It looks like in the case where there is at least one physical device on the
bridge when radvd starts, it would have worked. Perhaps we can just
automatically turn off AdvSourceLLAddr if the MAC address is all zeroes or
otherwise obviously invalid?

Comment 8 David Miller 2003-09-01 12:03:12 UTC
I like better your idea to make radvd probe for the hw address
when it sends the packets, not just once at startup.

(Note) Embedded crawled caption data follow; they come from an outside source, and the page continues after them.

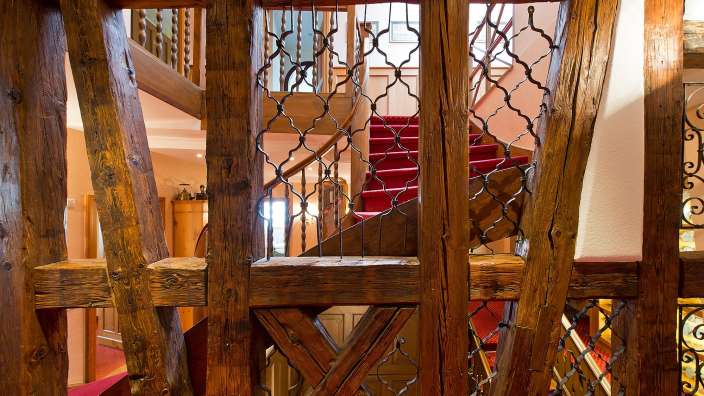 Eine Treppe mit einem roten Teppich und einem Holzgeländer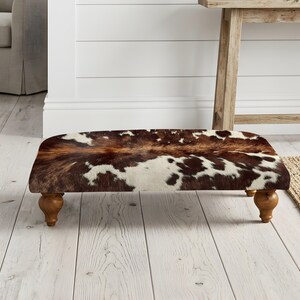 Può includere: Un poggiapiedi rettangolare basso rivestito con un motivo in pelle bovina marrone e bianca. L'oggetto presenta una superficie superiore piatta con una texture naturale di pelle animale ed è sostenuto da quattro gambe in legno corte e arrotondate.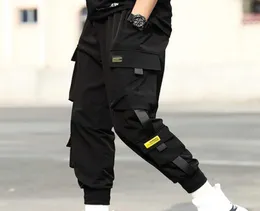 2021 New Men039s Cargo Harem Harem Pants Hip Hop Casual Male Joggers Брюки моды уличная одежда пробегает брюки в японском стиле.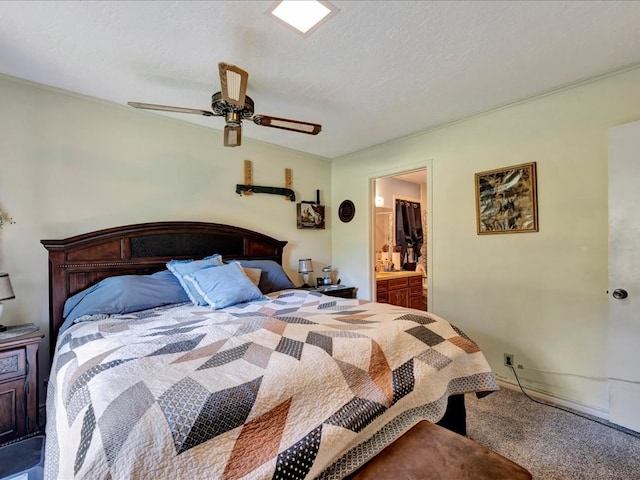 bedroom featuring carpet, ceiling fan, a textured ceiling, and ensuite bath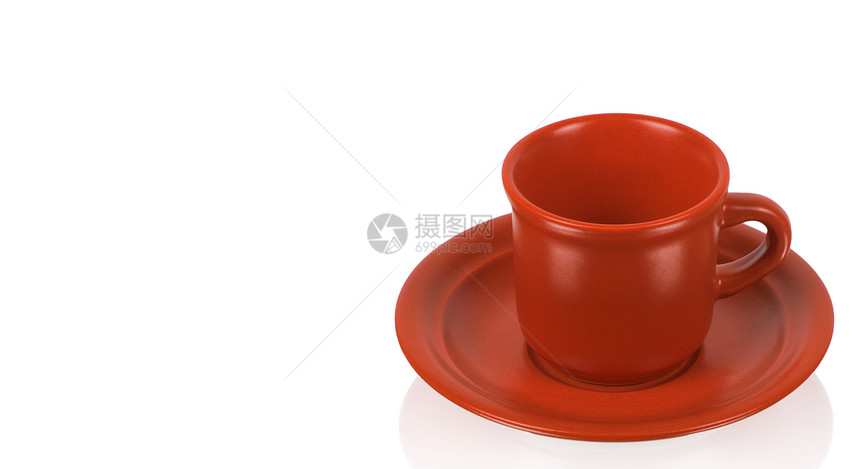 红杯在红碟上飞碟咖啡店陶瓷咖啡饮料食物制品杯子盘子反射图片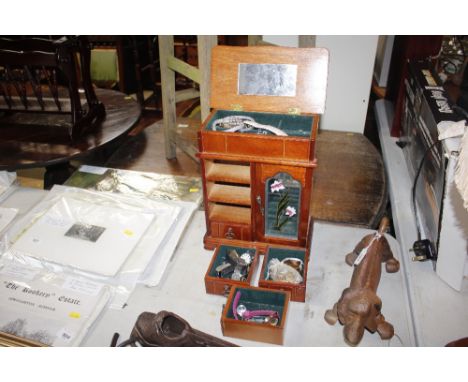 A mahogany effect trinket cabinet and some contents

This is sounding more and more like a radvd issue, and less and
less like a kernel issue.  Do you guys mind if I change the component
back to radvd? :-)



Comment 9 David Woodhouse 2003-09-01 12:20:58 UTC
Just adding a call to setup_deviceinfo(sock, iface) inside the
        if (iface->AdvSourceLLAddress && iface->if_hwaddr_len != -1)
at around line 140 of send.c seems to do the right thing. Will test it when I
get home.

Suspect there's no need even to check for failure -- it should never happen and
we'll just revert to the current behaviour then anyway; using the MAC address we
had before.


Comment 10 Pekka Savola 2003-09-01 12:33:08 UTC
Well, I would mind ... 

That is, I fail to see why this is a radvd problem.  This seems more like a
problem in the kernel (if it doesn't return correct HW addresses or send the
ICMP packets out on all the interfaces, maybe it does) or the initscripts used
to set up the networking for those Bluetooth etc. devices (why are they starting
radvd on an empty bridge interface?) or their plug-on/off features (why are they
not signalling the daemons that there has been a change in topology?).

Has anyone tested how sending packets behaves with IPv4, like I described?  But
perhaps that's irrelevant to this discussion..

Regarding the MAC addresses, there are some scenarios where it might be
important to use the correct ones (there are mechanisms which are under
specification mapping MAC and IPv6 identifier together; there are mechanisms in
Ethernet switches which police allowed MAC addresses, etc.), but in the general
case, I guess you can use any one of them -- the main point is that the
broadcast packet must be sent on all the physical interfaces.

As for the fixes, 

1) having to do an IOCTL (and lots of other things) every time radvd sends a
packet just to cope with a very weird scenario?  Uh, no. 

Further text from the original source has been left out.